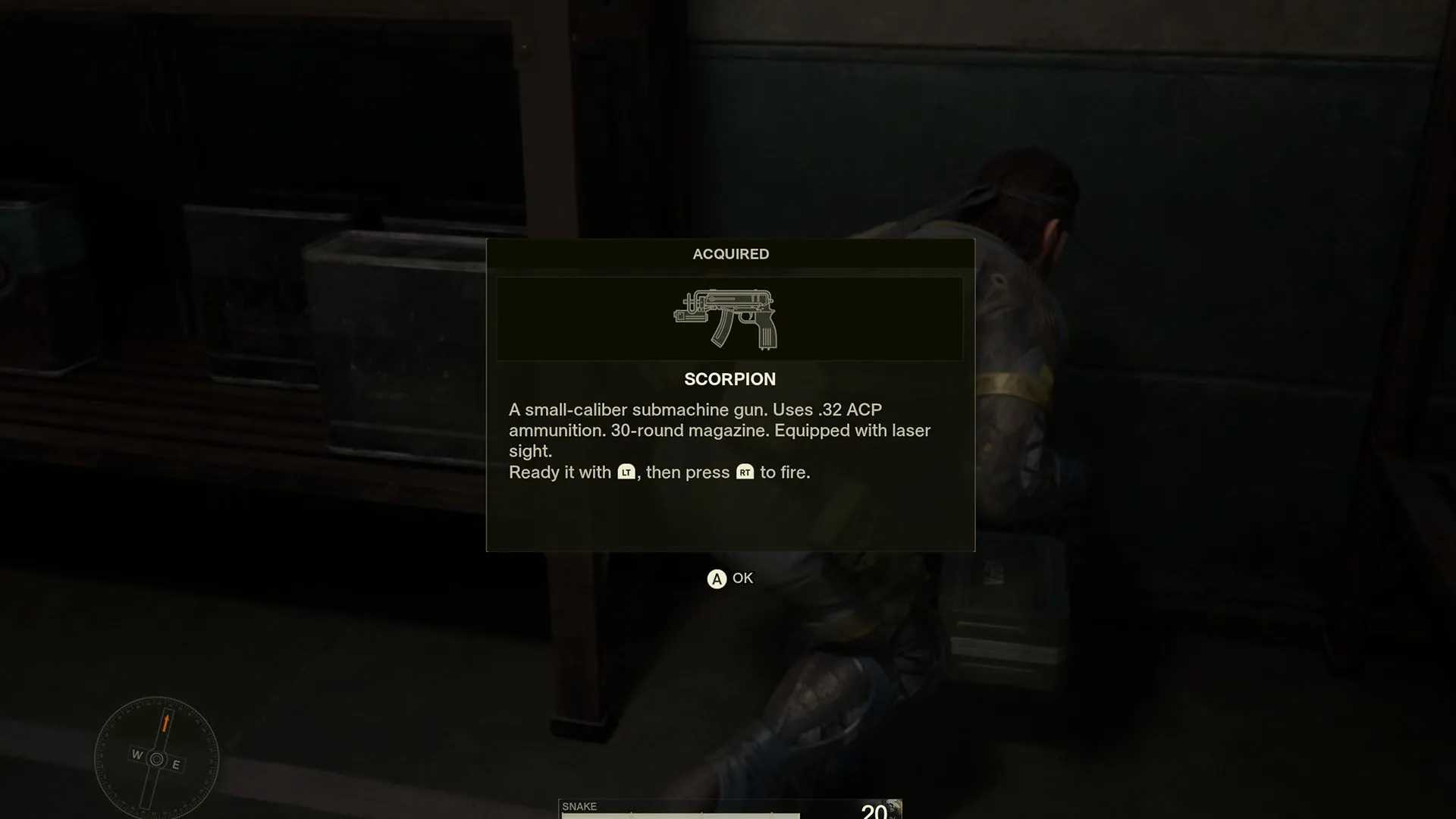 Snake đứng trước cánh cửa bị khóa trong Groznyj Grad Weapons Lab East Wing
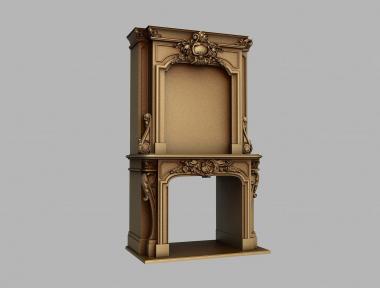 Fireplaces (Two-tiered fireplace in a classic style, KM_0251) 3D models for cnc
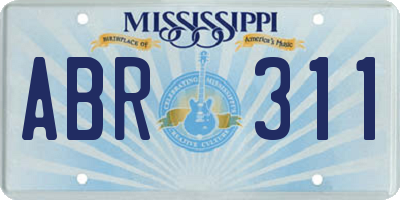 MS license plate ABR311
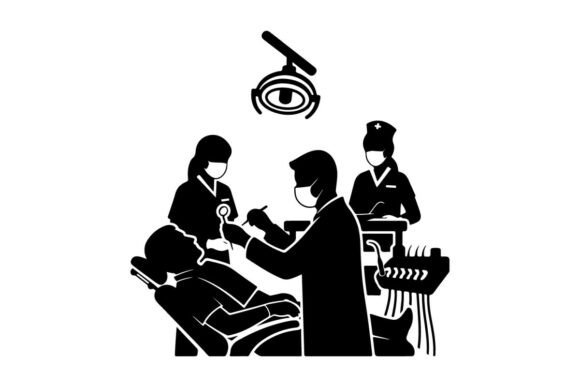Dentist Examining Patient with Nurse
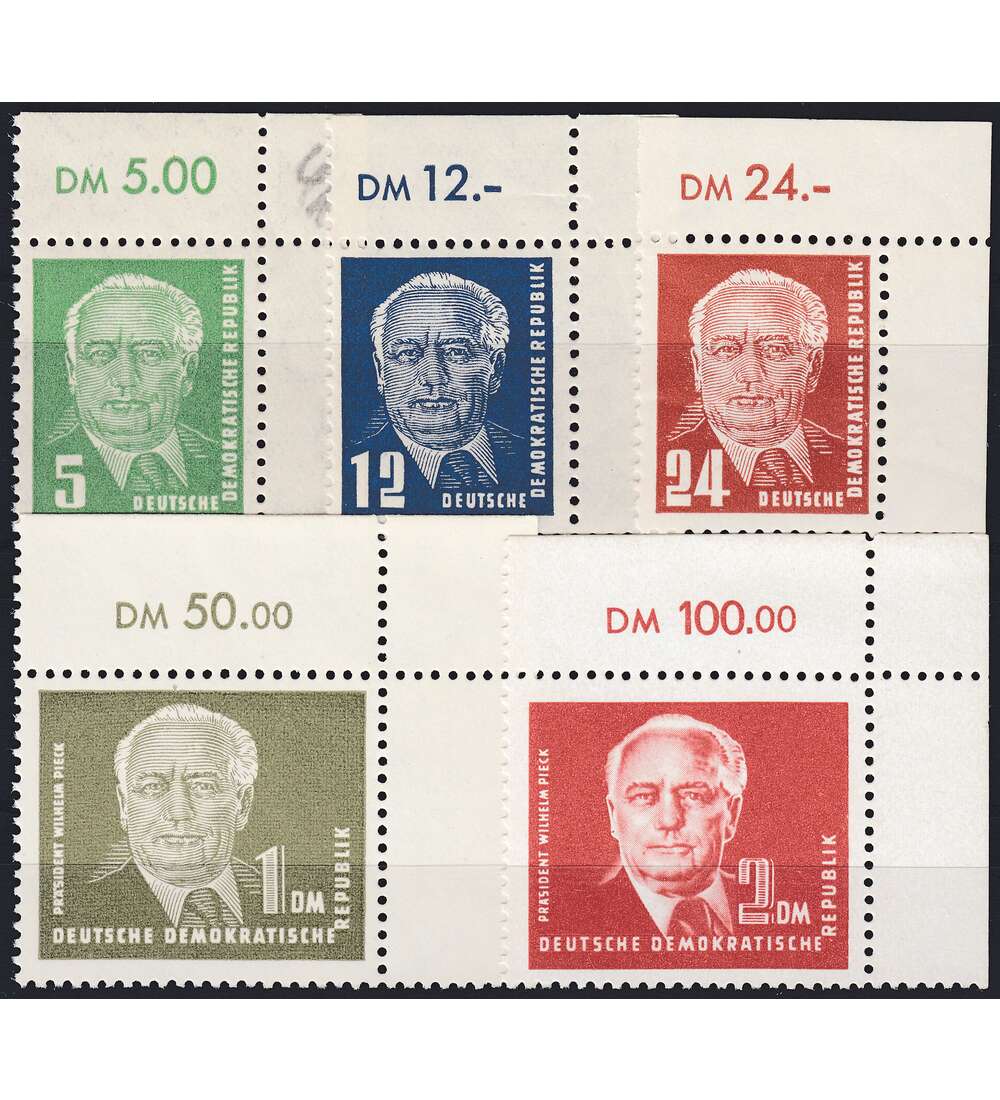 DDR Nr. 322-326 postfrisch ** Eckrandsatz oben rechts Pieck 1952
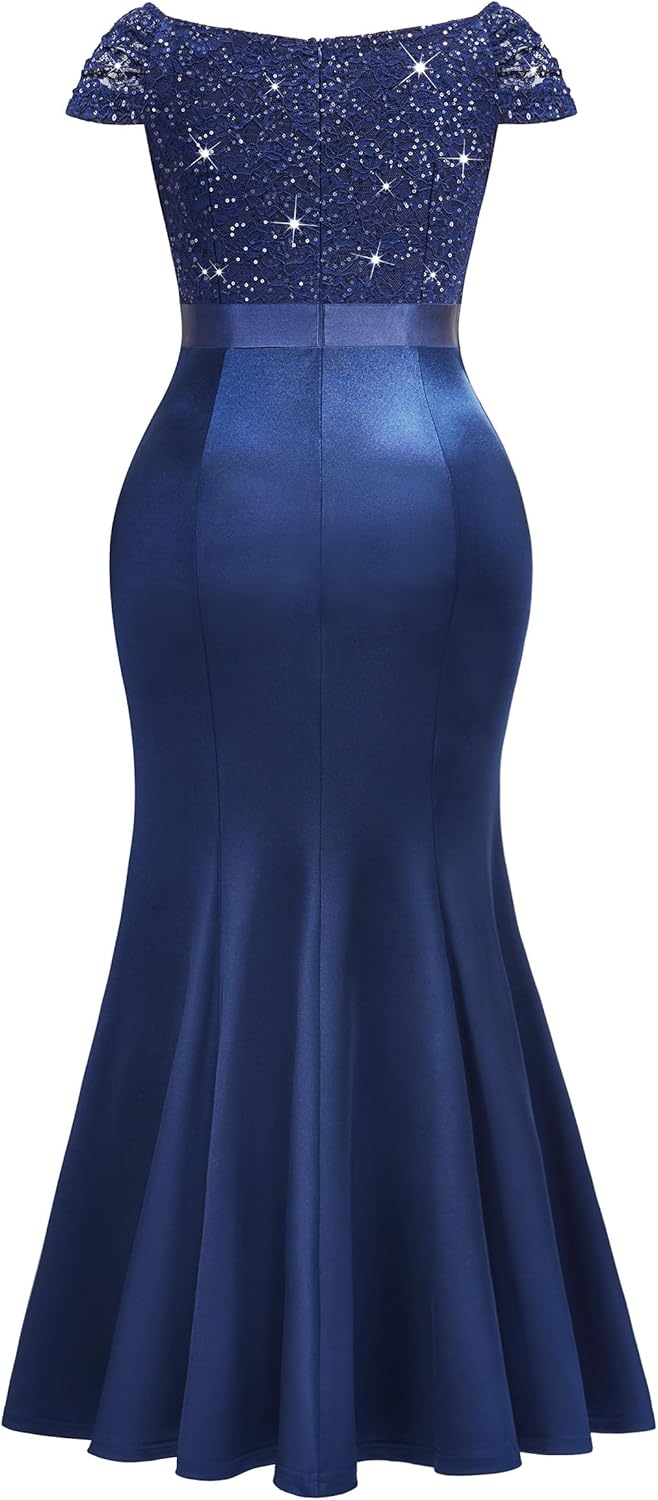 MISSMAY Women's Plus Size V Neck Sequin Lace with Satin Ruffle Trim Slit Mermaid Hem Evening Party Fomal Dress - Image 6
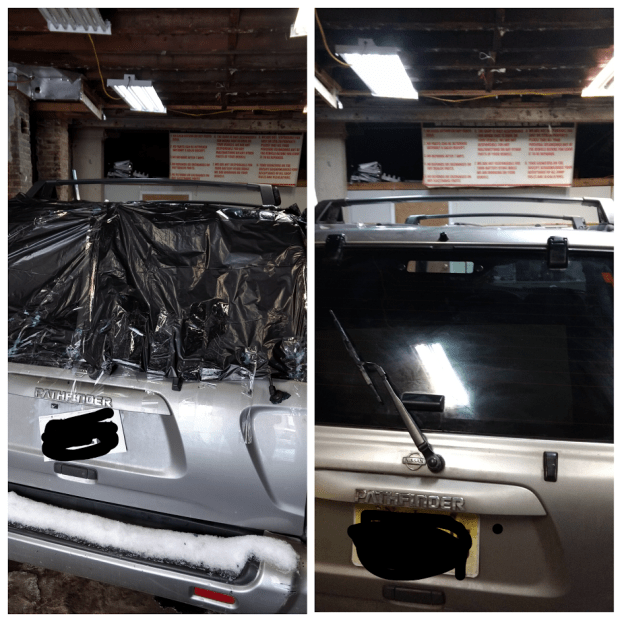 A recent windshield replacement service job in the  area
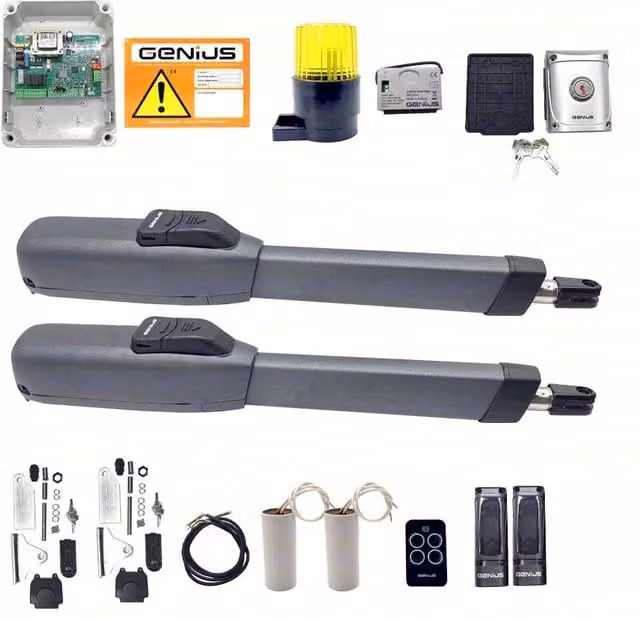 KIT CANCELLI A DUE ANTE BATTENTI KIT MISTRAL 433 RC MHZ FAAC GENIUS 51700781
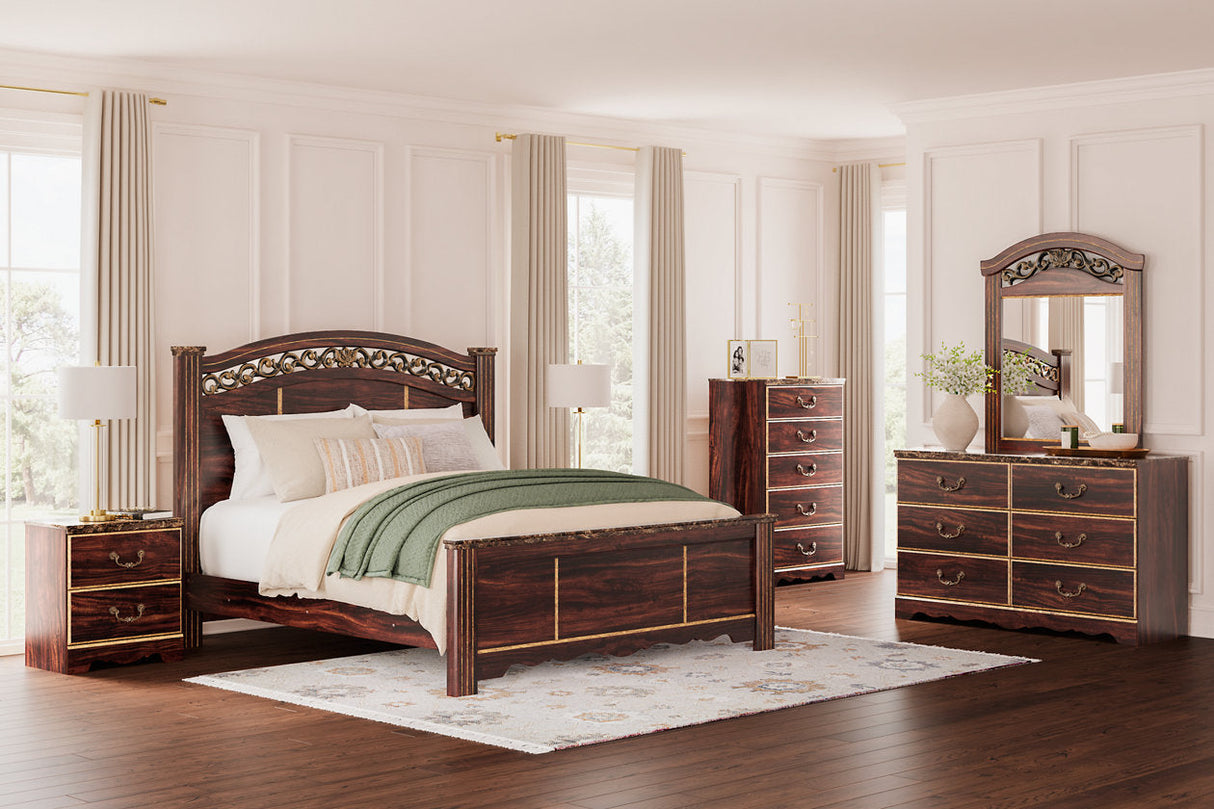 Glosmount Two-tone King Poster Bed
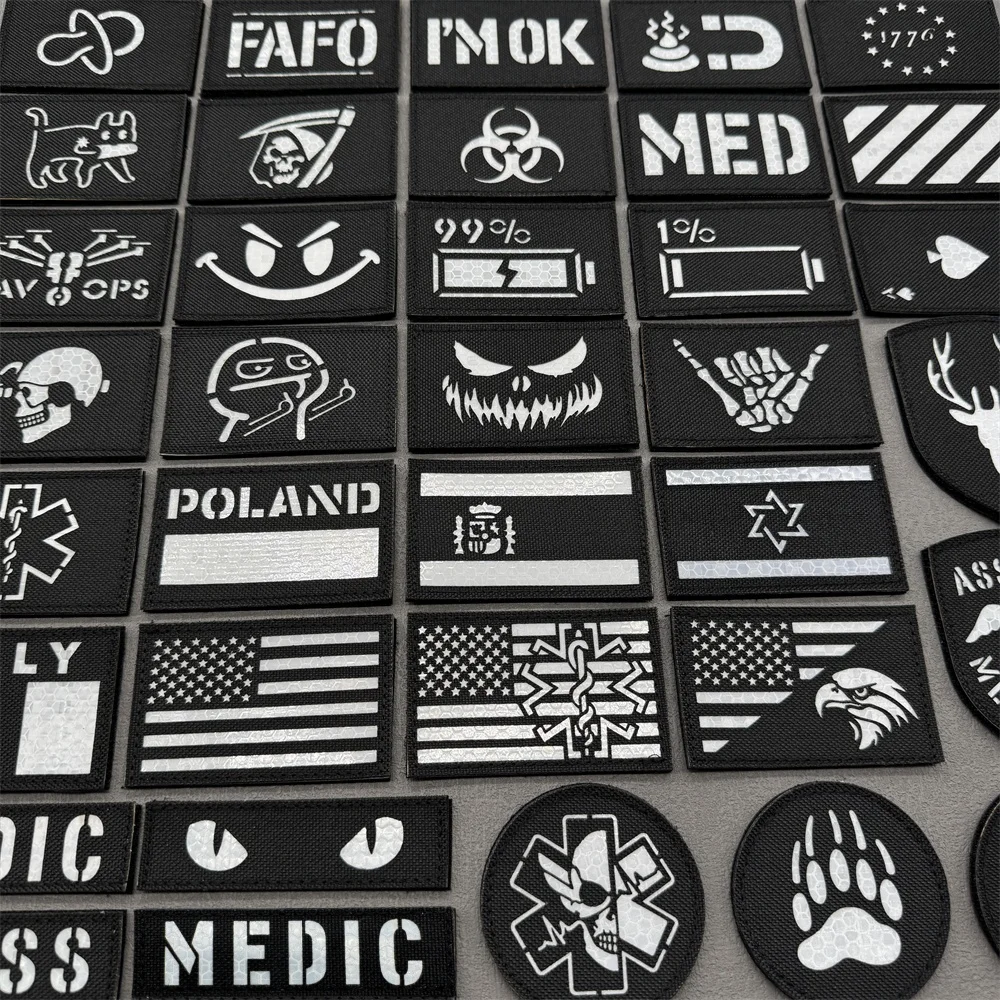 Parches tácticos 3D, insignia reflectante IR en mochila, chaleco, ropa, emblemas de corte láser, gancho y bucle, equipo para exteriores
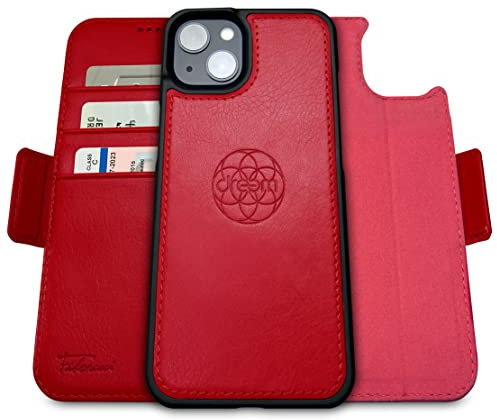 Dreem Fibonacci kompatibel mit iPhone 14 Plus Brieftaschen-Etui / 2-in-1 stoßfestes Etui und abnehmbares Folio aus veganem Leder, MagSafe-kompatibel, RFID-Schutz [Rot]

■ ■ ■

Would you copy, word for word, only the lines above from the one containing "MS license plate ABR311" through the one containing "MISSMAY Women's Plus", both included, and please leave out the pictures?

■ Exercise output ■
 MS license plate ABR311
Dentist Examining Patient with Nurse
 DDR Nr. 322-326 postfrisch ** Eckrandsatz oben rechts Pieck 1952
 MISSMAY Women's Plus Size V Neck Sequin Lace with Satin Ruffle Trim Slit Mermaid Hem Evening Party Fomal Dress - Image 6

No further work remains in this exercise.